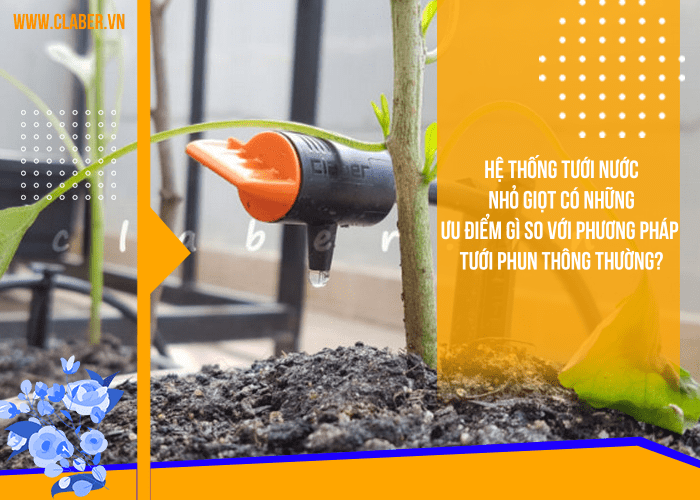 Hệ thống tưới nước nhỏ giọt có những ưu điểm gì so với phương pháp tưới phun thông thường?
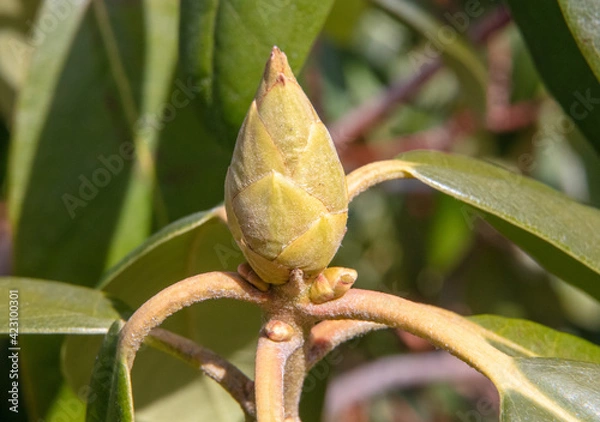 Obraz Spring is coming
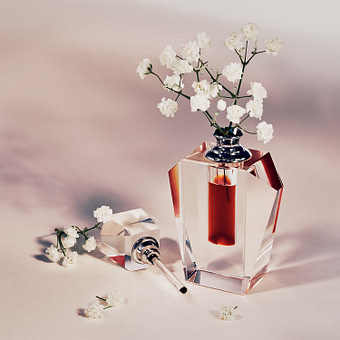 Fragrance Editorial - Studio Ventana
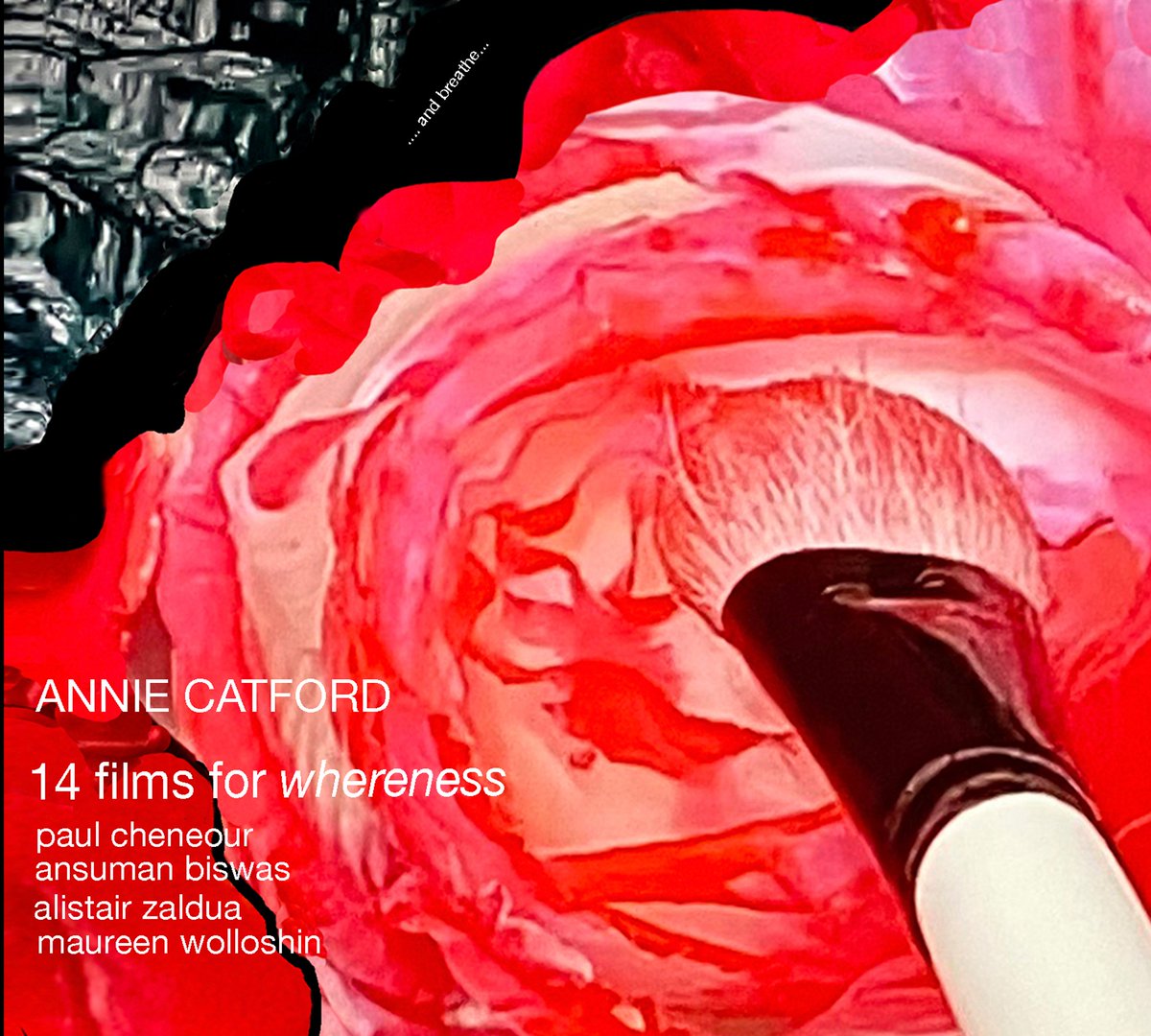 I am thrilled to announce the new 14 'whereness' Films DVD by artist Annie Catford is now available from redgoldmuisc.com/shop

....

* [Task brief]: Write out the whole listing exactly. Pictures stay out.

* [Answer section]:
 Hệ thống tưới nước nhỏ giọt có những ưu điểm gì so với phương pháp tưới phun thông thường?
 Obraz Spring is coming
 Fragrance Editorial - Studio Ventana
 I am thrilled to announce the new 14 'whereness' Films DVD by artist Annie Catford is now available from redgoldmuisc.com/shop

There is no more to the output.